Before examining the claims, it may be useful if, with your permission Mr. President, I briefly
remind the Court of the legal principles governing standing. Portugal acknowledges the need to
show a sufficient legal interest. It conveniently did not remind the Court of the significance of this
requirement. This I shall briefly do.
The concept of standing
The concept of ius standi before the International Court of Justice was defined by this Court,
in precise terms, in the Barcelona Traction case. In that case the Court had to decide on a
preliminary objection filed by Spain, to the effect that the Belgian Government "is without capacity
in the present case ... since the company does not possess Belgian nationality [and] international law
does not recognize any diplomatic protection of shareholders".
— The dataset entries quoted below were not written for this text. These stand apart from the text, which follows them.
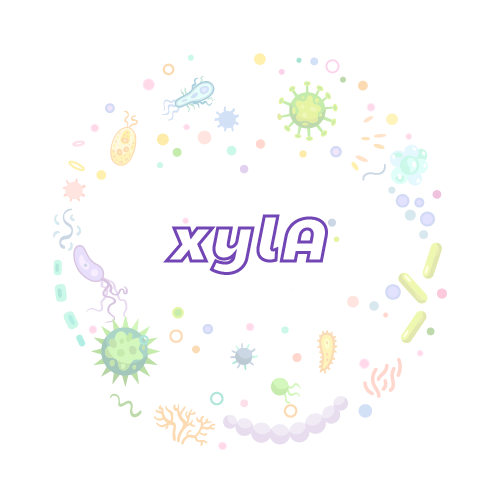 抗性基因 微生物基因检测试剂盒-xylA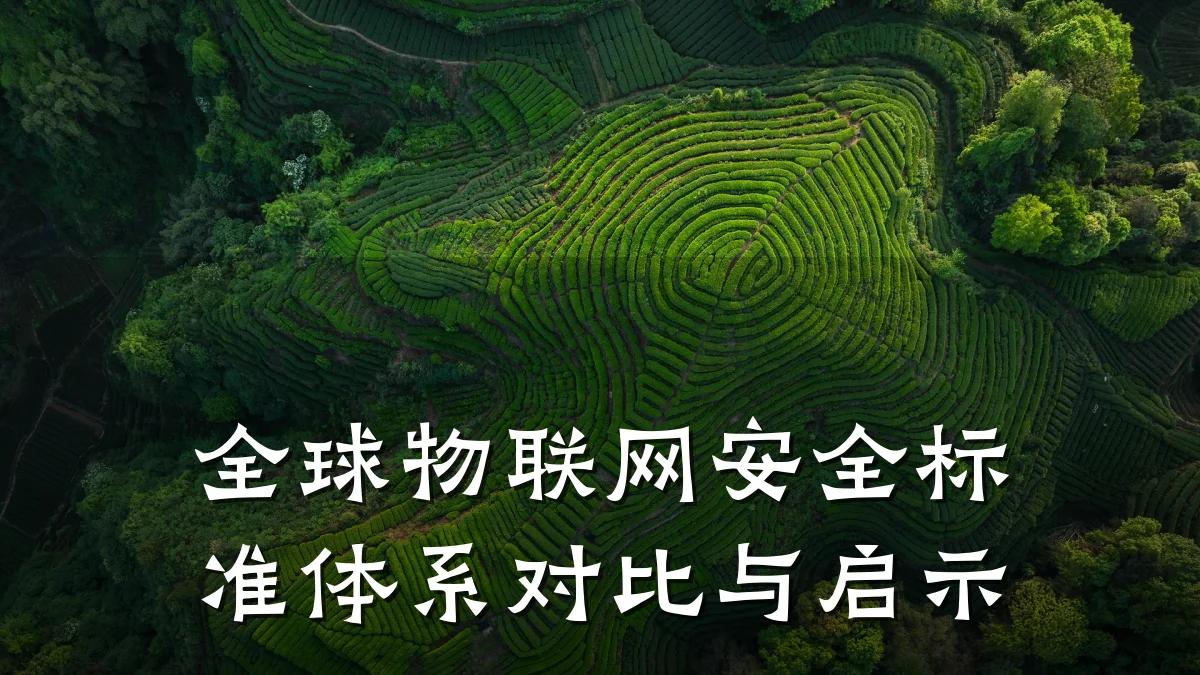 全球物联网安全标准体系对比与启示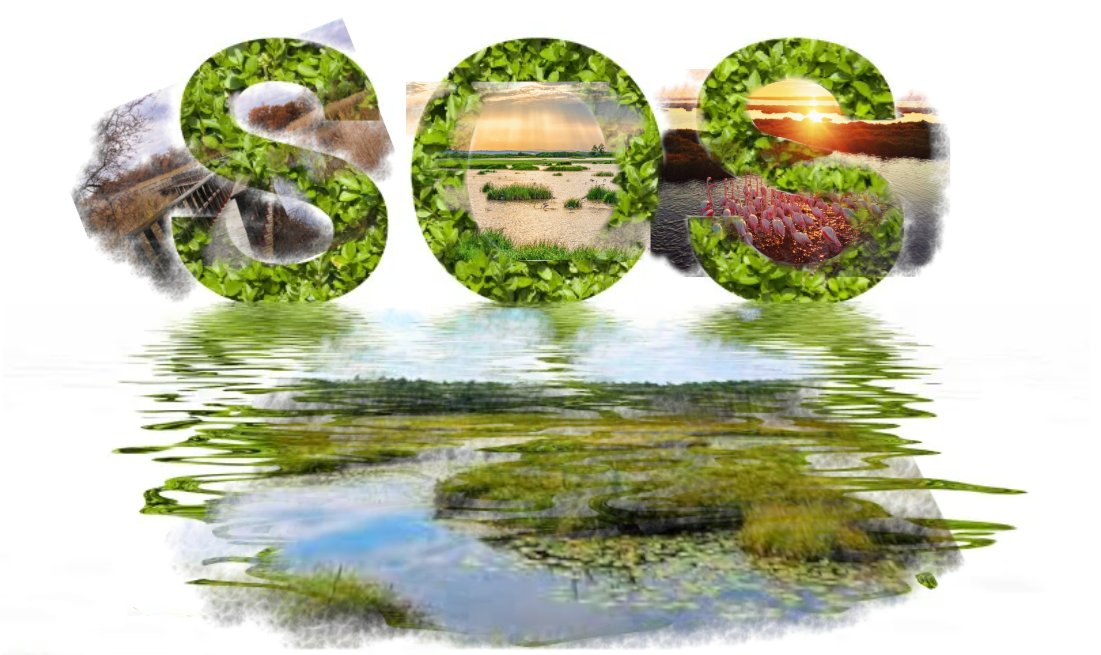 Desde el año 1700, la #humanidad ha destruido el 87% de los #humedales del planeta, por medio de nuestro crecimiento demográfico. 
Hoy #díamundialdeloshumedales disfrutemos, respetemos y cuidemos los Humedales

#comprometidos #medioambiente #actuamos #PorelClima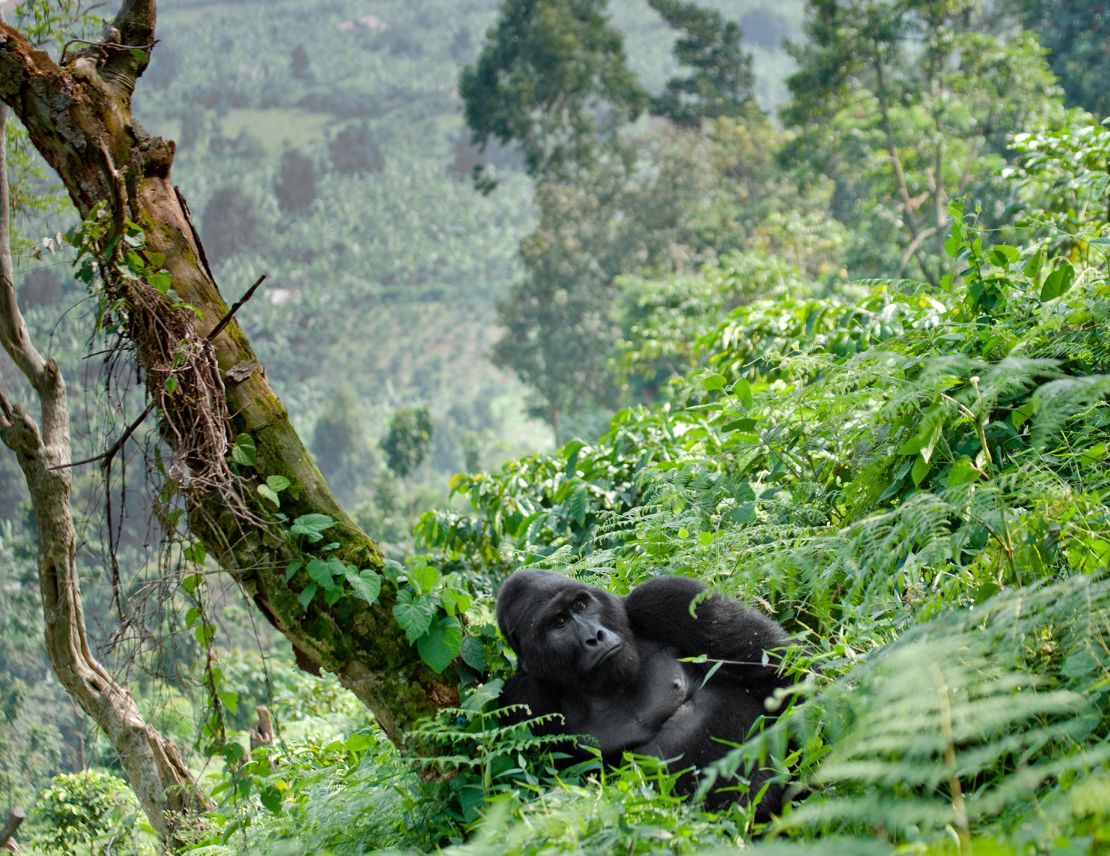 Most inclusive tour operators won't send LGBTQ clients to see the gorillas in Uganda.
In order to decide this question, the Court began by saying that:
"it is the existence or absence of a right, belonging to Belgium and recognized as
such by international law, which is decisive for the problem of Belgium's capacity"
(I.C.J. Reports 1970, p. 33, para. 36; (emphasis added)).
The Court in that case found that Belgium could show no legal injury - no violation of the rights of
any Belgian shareholders, but only that they had suffered economic repercussions from the
bankruptcy of the Canadian company. The Court said: "not a mere interest affected, but solely a
right infringed involves responsibility" (Ibid., para.46). In other words, a State may have interests in
a matter but that itself will not suffice to confer standing. And this is a matter to which I will return.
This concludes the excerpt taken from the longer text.